Child pages
  • Parallelism and Complex Dependencies with Splits and Joins
Skip to end of metadata
Go to start of metadata

Sometimes, your workflows will require complex dependencies. An action might need to wait for many different events to occur before it can fire — for example, you might need to wait for one file copy to complete and wait for a flag to appear in the database before continuing in a workflow.

In these cases, complex dependencies are defined using joins — also known as join points.

You might also need to run several tasks in parallel. One way this parallelism is accomplished is using splits — points where a single flow of execution branches into multiple paths at once.

Parallelism

Parallelism occurs whenever two or more tasks execute at the same time. This can be accomplished in two ways: using multiple start actions (so the workflow begins in multiple places simultaneously), or using a split within the workflow.

NOTE: Each concurrent execution branch within a workflow counts against the engine's concurrency throttle. If there are two branches in a workflow executing in parallel, that workflow will consume two places in the concurrency throttle. Make sure to adjust your throttles appropriate when using parallelism.

Multiple Start Actions

A start action is an action that begins running as soon as the workflow starts (or, in the case of a trigger, begins polling when the workflow starts). If multiple actions are configured as start actions in the workflow, they will all begin running when the workflow starts.

To configure an action as a start action, just set its start action property to "true".

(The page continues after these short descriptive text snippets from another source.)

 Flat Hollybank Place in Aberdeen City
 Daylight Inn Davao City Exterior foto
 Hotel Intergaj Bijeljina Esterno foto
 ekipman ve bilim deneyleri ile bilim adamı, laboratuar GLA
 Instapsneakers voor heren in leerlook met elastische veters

Using multiple start actions allows you to create parallel flows immediately at the start of the workflow. You can then use join points later in the workflow to merge the two flows.

Splits

A split doesn't need to be explicitly defined — it will automatically occur whenever a node follows two or more outgoing flows at once. Flux also provides a convenience node, Split, that makes it easy to visually identify where splits occur in your workflows.

After a split, all of the branched executions will execute in parallel. The active flow context is also cloned to each execution branch; after that point, each branch will own its copy of the flow context, and all flow context changes will remain local to the branch where they occur.

For example, suppose you have a workflow that looks like this:

In this case, the workflow begins with the file copy action, which will start a new flow context.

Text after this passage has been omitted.